Wow. You have no knowledge of unions at all. Unions are extremely weak in the US. And pretty much every business has found a way to circumvent them. Not that it is in their interest to do so. The government is pretty heavily anti union in the US. As such unions have trivial power. But is insanely prob business. And that makes business extremely powerful. The power relationship between business and labor is so extremely
That weakness of unions lowers the living standard of the middle class as a whole. It lowers productivity growth. And it lowers the growth of the US economy.
You want something that makes literally everyone poorer.
Please, feel free to respond by either negating with argumentation some of the things you disagree with that I've said, or supporting some of your bald assertions.
For instance I'd like to know how unions raise productivity, or rather their lack lowers productivity growth. I note that the U.S. despite having the lowest level of Unionization in the G-7 nonetheless was the only country in the G-7 which registered productivity gains every year from 1990-2005. I also find it interesting that China which has had massive productivity increases for years now and has almost certainly been the medium term growth champion effectively has no trade unions.
You seem to think that it is not in a business' interest to avoid becoming unionized? I can't help but recall growing up in the rust belt as one unionized industry after another collapsed. With the added advantage of being unionized, how could these industries fail? They had market share, brand recognition, scale, and the helping hand of the union to offer suggestions on how to maximize payrolls and avoid adopting technical innovations that reduced labor costs.
Even Hollywood, which is the last of the giant American unionized industries produces more and more overseas where the main advantage (and probably the sole net advantage) is escaping its own unions.
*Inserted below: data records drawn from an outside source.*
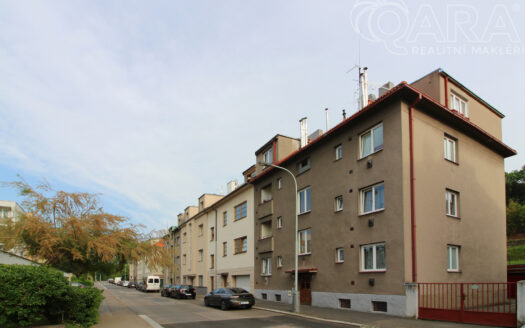 Pronájem bytu 2+1, 55 m² – Praha, Střešovice, ulice Nový lesík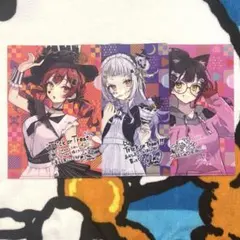 ホロライブ　クリアファイルセット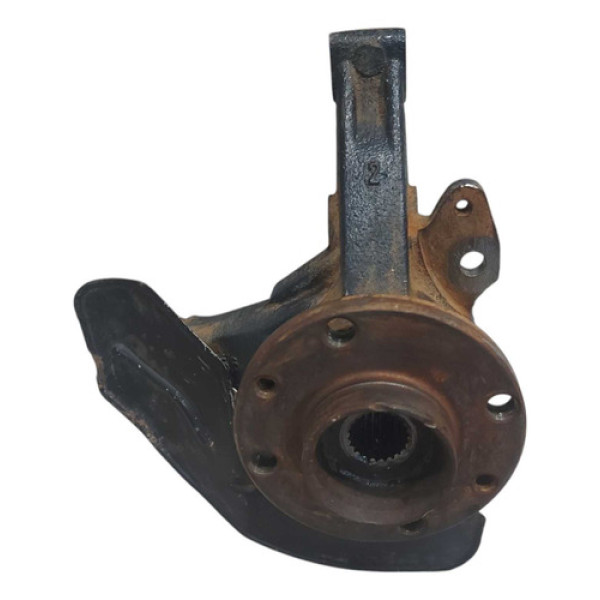 Manga Eixo Direito Palio Siena Strada 1.6 1996 A 2002 S/ Abs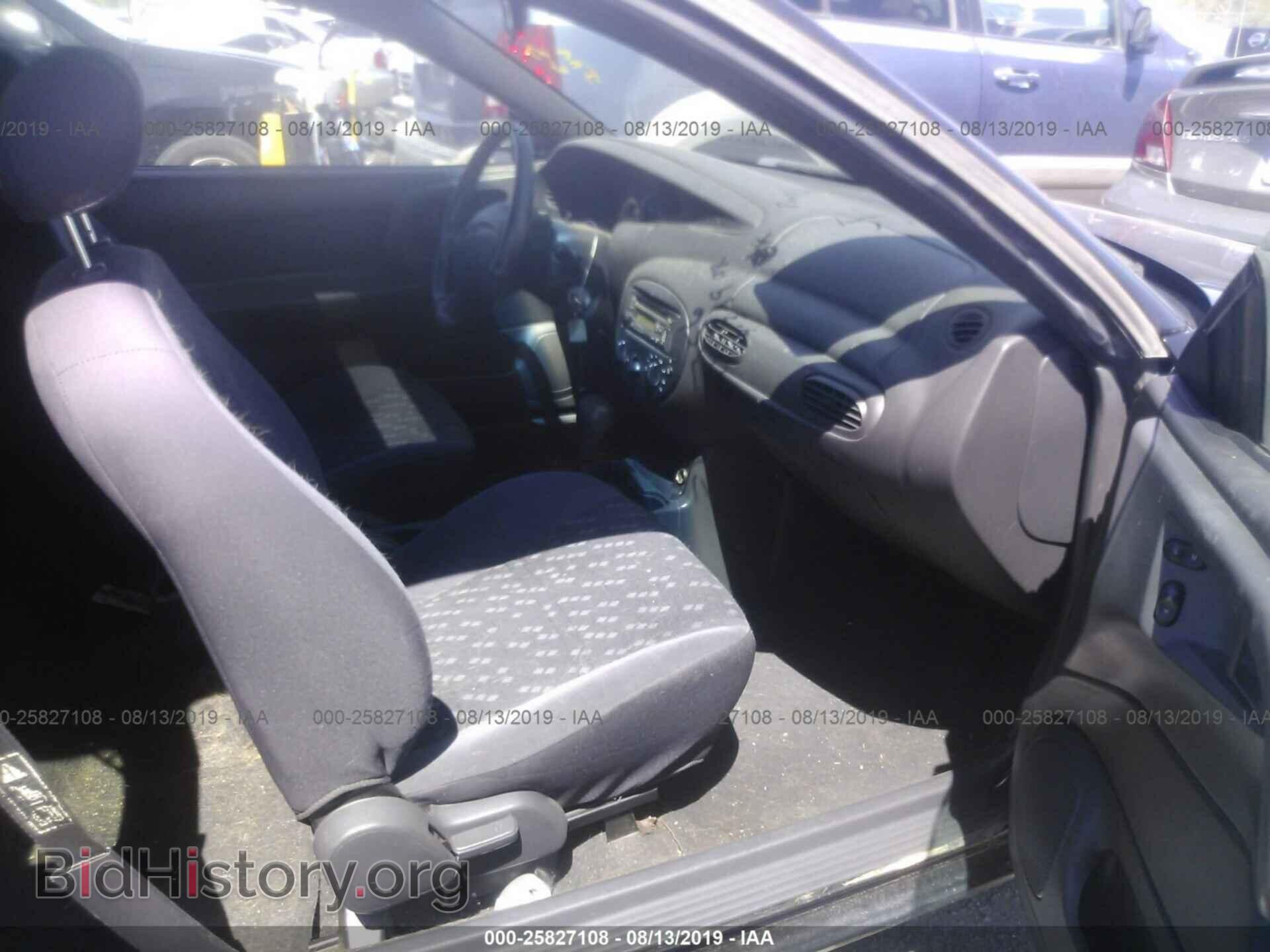 2003 FORD ESCORT - VIN: 3FAFP11313R167613 - Фото 5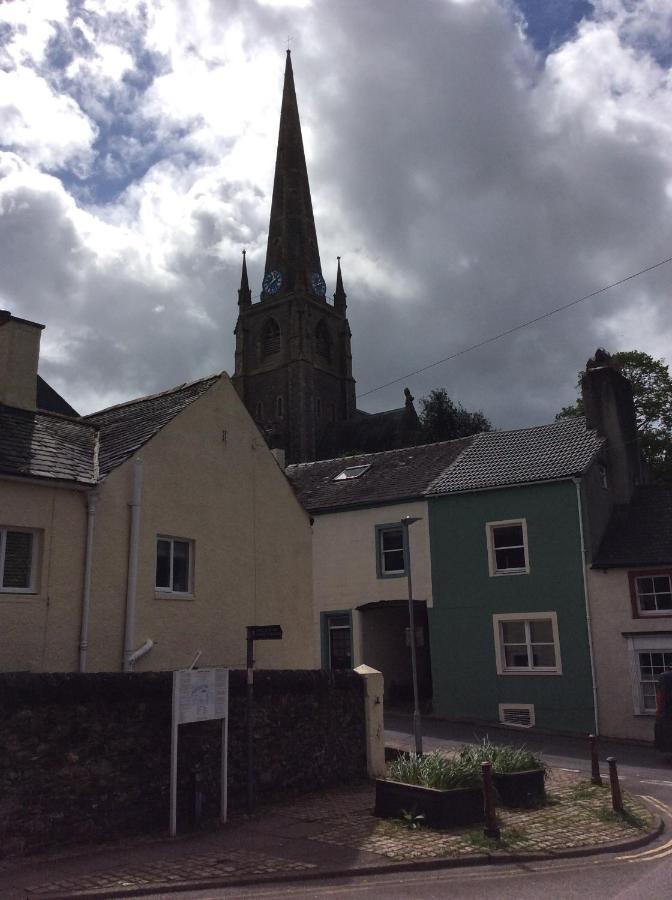 District Cumbria Gilcrux Solway Firth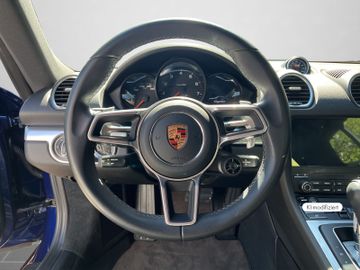 Porsche Cayman - 10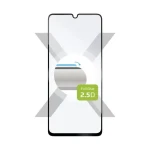 FIXED Ochranné tvrzené sklo Full-Cover pro Realme Note 50 černé / lepení přes celý displej (FIXGFA-1387-BK)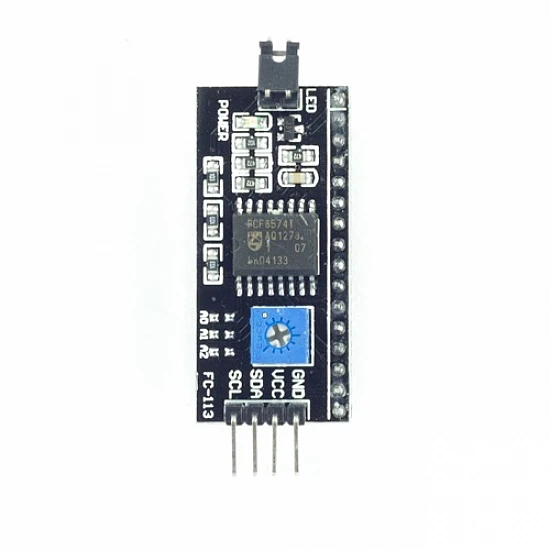 IIC/I2C Serial Interface Adapter Module IIC/I2C Serial Interface Adapter Module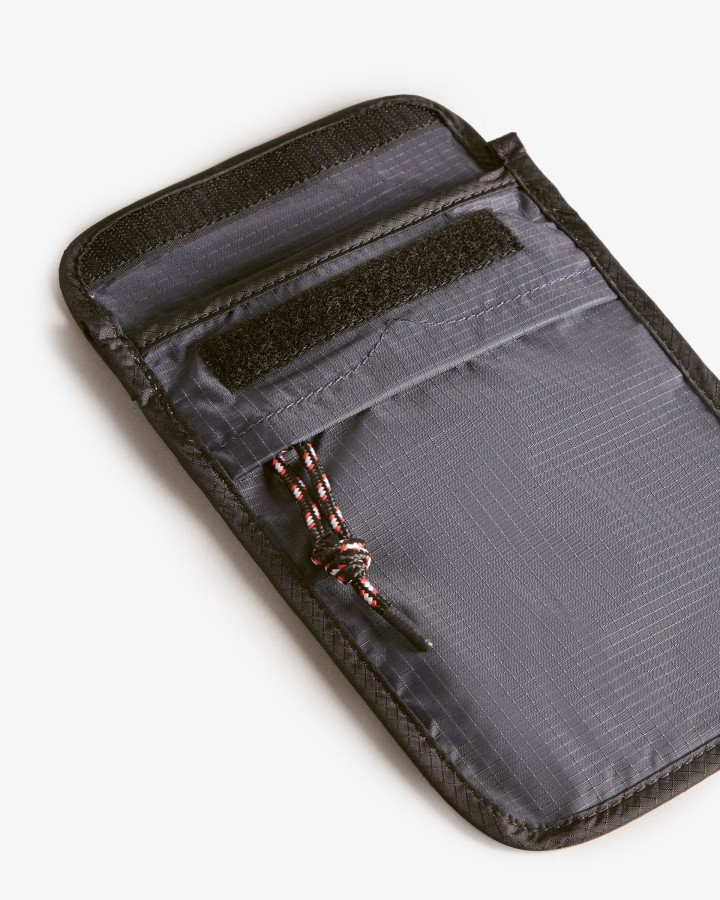 Estuche Para Teléfono Plegable Hunter Azul Marino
You accuse me of wanting something that makes everyone poorer. But a union paycheck is only an advantage over a non-union paycheck where it actually exists (ie where it hasn't been driven out of business by competition), and even then it's advantage is largely in the hands of the union member. Workers in other industries have to pay the higher prices for union produced goods with their smaller paychecks, exacerbating the inequalities between the upper and lower middle classes.
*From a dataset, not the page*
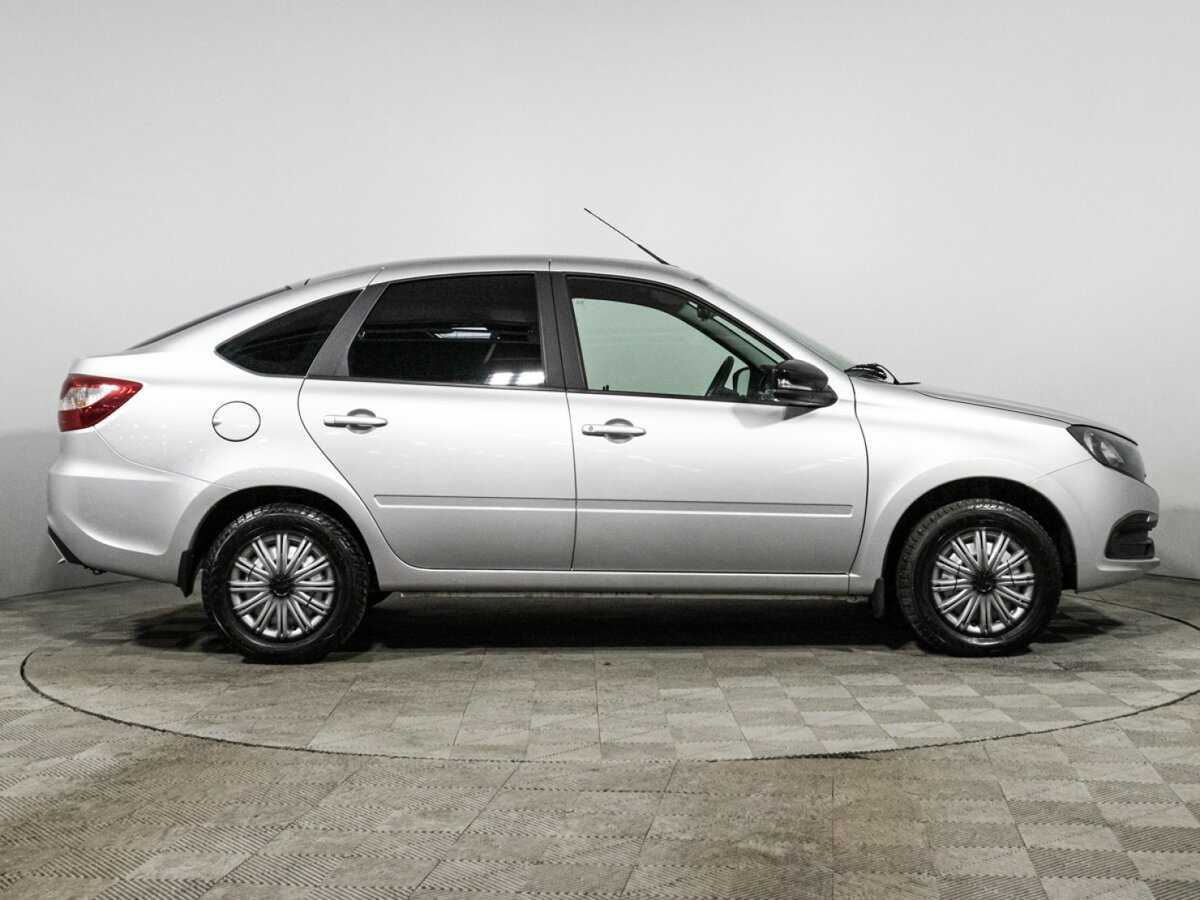 Lada (ВАЗ) Granta 2024 года с пробегом. Фото: #3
We'd be much better off with a stronger social safety net (publicly provided health care) and tax reforms that get rid of every tax that hits incomes, production, employment. This would allow American business to hire with the most minimal costs, which would allow them to pay higher wages and create more jobs. Of course we'd want to eliminate illegal immigration (easily done when politicians put their mind to it) in order to protect our own underclass, even as we carefully allowed high wage potential people from around the world to immigrate legally.
We not only don't need unions to improve our standards of living, it is easier without them. No unions simplify decision making and lower costs. If government policies insure safe and fair work rules, decent health care for all Americans. and allows employers to maximize workers and workers to maximize incomes we could both compete internationally and make good wages throughout our economy.